Automation Layering to Set Your Own Thresholds
This is where automation layering comes in.
There’s a false assumption that Google is the only one in control when an advertiser enables one of their automations. In this case, the automation is the close variant version of keywords, something that has no off-switch.
The reality is different though: advertisers have some level of control.
For example, they can add negative keywords when they find Google is showing their ads for a close variant that they don’t like.
The problem is that manual monitoring of automations is incredibly tedious and time-consuming. It probably isn’t worth the effort for the possible improvement in results.
But what if advertisers could automate their own process and combine it with Google’s automation?
That is automation layering.
In the close variants example, here’s one way to use automation layering. You use a rule engine (Optmyzr offers one) or a script that identifies close variant search terms and applies an algorithm to rank these.
In another post, I explained that advertisers can use a Levenshtein distance score to calculate how different a search term is from the matched keyword.
Levenshtein distances of 2 or 3 are usually typos. Anything longer than that often is more than just a typo and may be worth a closer look:
- Either as an idea for a new keyword.
- Or possibly something to exclude by adding a negative keyword.

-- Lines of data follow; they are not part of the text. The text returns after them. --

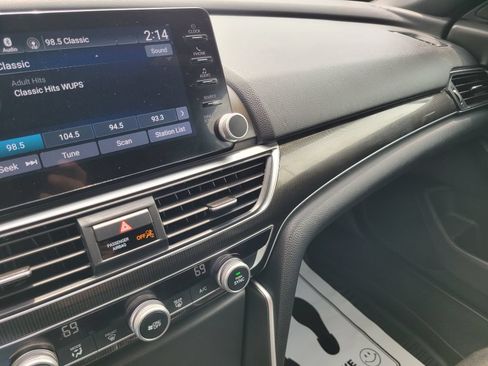 Used 2022 Honda Accord Sport image 34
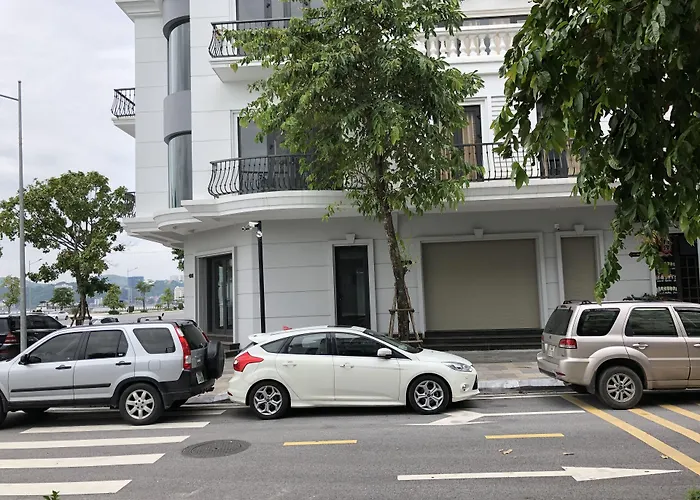 La Lumiere Harbor House 2* Hạ Long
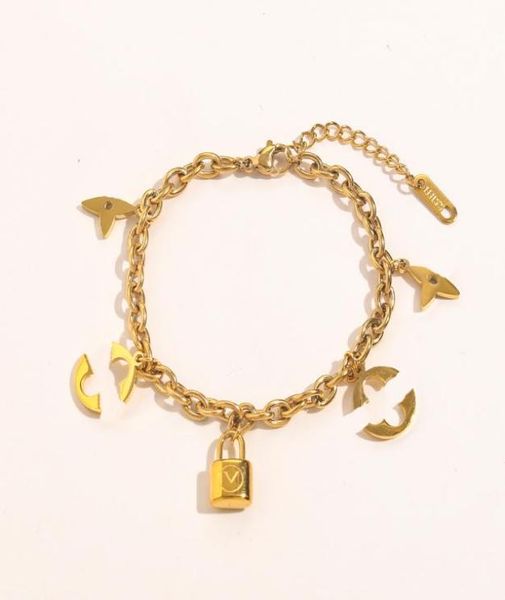 popular luxury brand four leaf grass chain bracelets fashion design 18k goldplated bracelet senior accessories lovers women love 3954062, Black
popular luxury brand four leaf grass chain bracelets fashion design 18k goldplated bracelet senior accessories lovers women love 3954062, Black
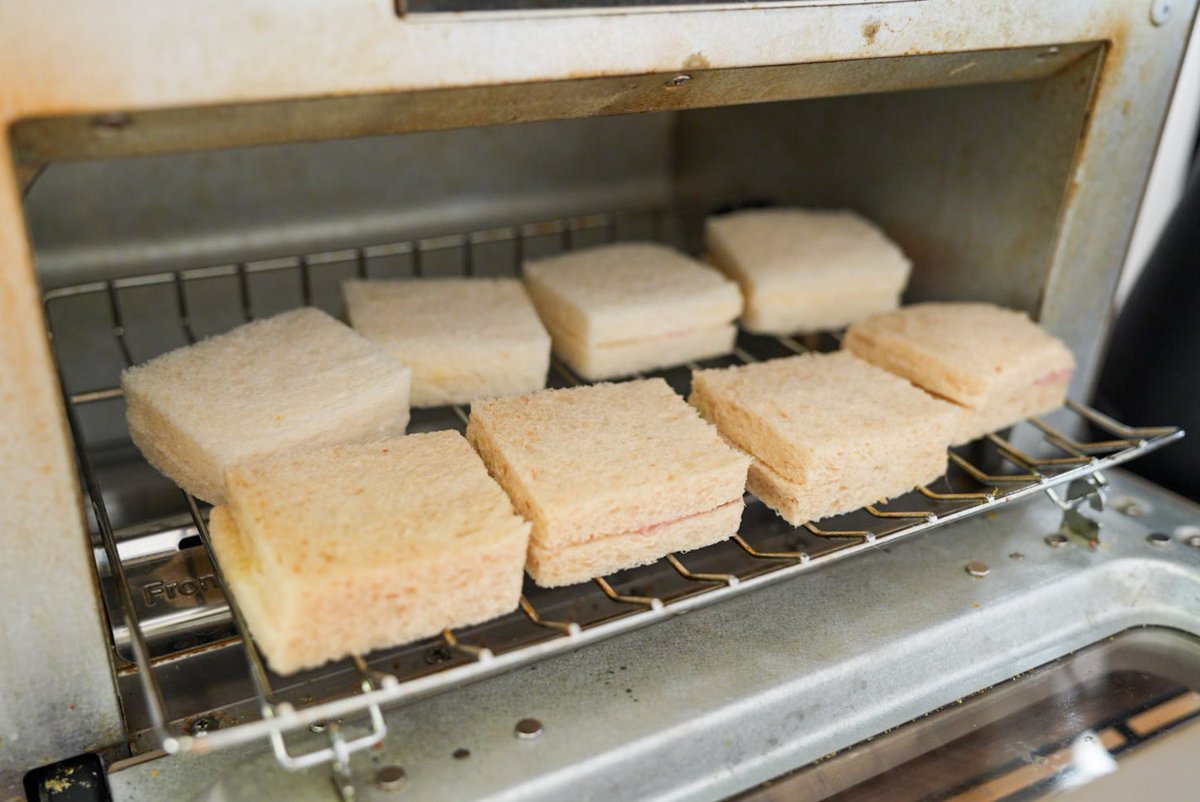 スーパーやコンビニで売ってる小さくカットされたサンドイッチ、トースターで焼くとめちゃくちゃ美味しいです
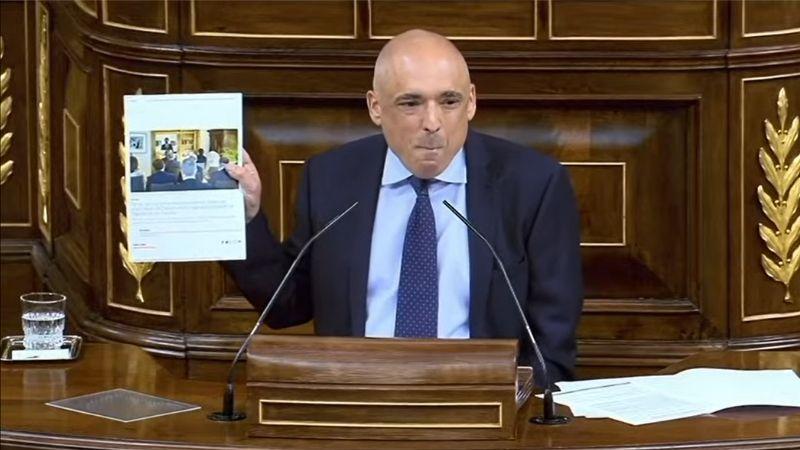 Un diputado del PSOE tumba al PP al responder qué es traición a España.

Now that the advertiser has their own numerical score, they can draw their own line and set a threshold they think makes sense for their business.
Google uses its threshold to show ads more often, and the advertiser layers on their threshold to show ads less often.
When the two automated thresholds are combined, advertisers benefit from showing their ads in scenarios where they didn’t have the keyword. They also benefit from tighter control over the relevance between the query and keyword.
The point of my work on SafeSearch and my example about close variants is not just to explain that advertisers can control close variants, but to illustrate some ideas that are paramount to a successful future in PPC.
Most advertisers agree that humans + machines are better than machines alone, but humans don’t necessarily have the bandwidth to manually monitor all the new automations the engines keep introducing.
Thus, it makes sense that humans might want to find ways to create their own automations to layer on top of those of the engines.
Ultimately, we just want a say in how aggressive automations should be and that’s where thresholds come in.
Only by layering our own automations can we have control over the thresholds that Google doesn’t expose.
And because most advertisers aren’t technical and can’t write their own automations in code, I am a firm believer that prebuilt scripts, rule engines, custom monitoring and alerting systems, and the like will be critical tools in the arsenal of successful PPC managers in 2020 and beyond.